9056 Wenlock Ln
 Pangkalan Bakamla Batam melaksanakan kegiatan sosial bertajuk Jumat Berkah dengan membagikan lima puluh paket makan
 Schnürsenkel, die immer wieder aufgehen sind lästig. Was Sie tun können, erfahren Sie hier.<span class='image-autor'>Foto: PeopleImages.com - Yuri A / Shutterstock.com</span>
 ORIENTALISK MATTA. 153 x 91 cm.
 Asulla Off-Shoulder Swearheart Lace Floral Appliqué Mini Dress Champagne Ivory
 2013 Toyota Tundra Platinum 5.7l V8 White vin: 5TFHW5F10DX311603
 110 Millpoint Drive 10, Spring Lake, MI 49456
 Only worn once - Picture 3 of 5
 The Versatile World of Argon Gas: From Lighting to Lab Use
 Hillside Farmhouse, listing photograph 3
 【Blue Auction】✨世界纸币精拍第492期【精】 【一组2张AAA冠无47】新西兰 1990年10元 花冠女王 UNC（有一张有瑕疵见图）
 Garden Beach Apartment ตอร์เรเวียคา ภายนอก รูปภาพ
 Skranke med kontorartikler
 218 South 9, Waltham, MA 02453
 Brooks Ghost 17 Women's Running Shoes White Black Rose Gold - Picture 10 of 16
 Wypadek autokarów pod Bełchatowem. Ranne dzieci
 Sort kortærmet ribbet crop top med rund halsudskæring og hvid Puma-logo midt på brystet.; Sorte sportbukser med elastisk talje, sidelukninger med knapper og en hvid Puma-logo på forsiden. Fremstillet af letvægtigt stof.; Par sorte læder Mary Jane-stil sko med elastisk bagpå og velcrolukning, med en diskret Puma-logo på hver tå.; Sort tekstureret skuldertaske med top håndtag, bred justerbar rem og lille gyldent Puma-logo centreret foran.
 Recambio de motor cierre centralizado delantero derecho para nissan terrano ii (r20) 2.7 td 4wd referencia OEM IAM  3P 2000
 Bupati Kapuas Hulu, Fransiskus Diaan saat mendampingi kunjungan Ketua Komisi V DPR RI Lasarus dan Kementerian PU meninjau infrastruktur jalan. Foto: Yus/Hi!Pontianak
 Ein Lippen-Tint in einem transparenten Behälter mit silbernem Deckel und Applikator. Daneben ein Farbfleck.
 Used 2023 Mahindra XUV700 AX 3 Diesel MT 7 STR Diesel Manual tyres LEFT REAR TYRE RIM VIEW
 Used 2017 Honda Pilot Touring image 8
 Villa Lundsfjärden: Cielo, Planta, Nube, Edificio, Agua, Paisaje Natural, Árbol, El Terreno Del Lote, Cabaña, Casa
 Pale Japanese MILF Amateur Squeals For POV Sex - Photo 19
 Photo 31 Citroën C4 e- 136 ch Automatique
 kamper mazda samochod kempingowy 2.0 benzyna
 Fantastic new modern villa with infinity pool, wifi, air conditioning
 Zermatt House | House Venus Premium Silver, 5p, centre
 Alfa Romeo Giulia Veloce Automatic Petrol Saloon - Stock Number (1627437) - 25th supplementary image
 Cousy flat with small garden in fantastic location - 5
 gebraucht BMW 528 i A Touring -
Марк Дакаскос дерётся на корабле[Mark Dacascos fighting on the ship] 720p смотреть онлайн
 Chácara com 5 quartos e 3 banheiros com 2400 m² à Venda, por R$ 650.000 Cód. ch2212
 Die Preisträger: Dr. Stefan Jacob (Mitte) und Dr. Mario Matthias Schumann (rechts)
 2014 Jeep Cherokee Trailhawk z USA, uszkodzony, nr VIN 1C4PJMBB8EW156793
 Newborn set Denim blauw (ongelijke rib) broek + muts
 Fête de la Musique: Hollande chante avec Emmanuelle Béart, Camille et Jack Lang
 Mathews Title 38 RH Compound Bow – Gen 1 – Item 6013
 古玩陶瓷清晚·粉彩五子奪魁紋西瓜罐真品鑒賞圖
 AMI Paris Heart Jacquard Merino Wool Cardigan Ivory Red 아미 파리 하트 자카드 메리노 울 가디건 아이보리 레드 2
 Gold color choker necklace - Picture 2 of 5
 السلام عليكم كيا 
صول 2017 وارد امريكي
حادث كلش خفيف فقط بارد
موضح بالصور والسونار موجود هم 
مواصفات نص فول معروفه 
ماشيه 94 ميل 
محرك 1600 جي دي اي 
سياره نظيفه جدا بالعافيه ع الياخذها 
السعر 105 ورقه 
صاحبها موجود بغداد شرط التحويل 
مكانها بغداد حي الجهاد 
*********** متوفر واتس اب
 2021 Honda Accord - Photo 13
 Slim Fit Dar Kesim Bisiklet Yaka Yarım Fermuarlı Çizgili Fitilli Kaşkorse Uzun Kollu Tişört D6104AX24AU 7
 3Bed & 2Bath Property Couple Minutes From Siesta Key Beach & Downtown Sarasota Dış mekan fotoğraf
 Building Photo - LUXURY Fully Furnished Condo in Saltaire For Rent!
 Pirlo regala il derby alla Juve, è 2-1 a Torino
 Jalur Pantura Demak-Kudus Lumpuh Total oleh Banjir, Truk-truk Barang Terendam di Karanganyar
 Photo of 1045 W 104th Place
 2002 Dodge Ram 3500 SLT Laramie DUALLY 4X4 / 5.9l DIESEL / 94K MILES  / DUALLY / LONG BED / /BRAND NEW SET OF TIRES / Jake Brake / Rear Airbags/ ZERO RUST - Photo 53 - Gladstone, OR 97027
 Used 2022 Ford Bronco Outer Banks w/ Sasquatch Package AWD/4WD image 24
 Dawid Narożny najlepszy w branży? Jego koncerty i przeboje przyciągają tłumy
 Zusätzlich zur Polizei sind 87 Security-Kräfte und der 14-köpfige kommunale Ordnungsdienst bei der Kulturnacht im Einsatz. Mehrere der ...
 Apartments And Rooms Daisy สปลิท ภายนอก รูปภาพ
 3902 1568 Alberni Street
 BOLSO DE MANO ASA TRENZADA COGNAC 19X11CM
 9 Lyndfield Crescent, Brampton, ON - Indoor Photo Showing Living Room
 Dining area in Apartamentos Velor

========================

Exercise instructions | Above are some records; copy each line there that contains "ปภาพ".

Solution to this task |
 Garden Beach Apartment ตอร์เรเวียคา ภายนอก รูปภาพ
 Apartments And Rooms Daisy สปลิท ภายนอก รูปภาพ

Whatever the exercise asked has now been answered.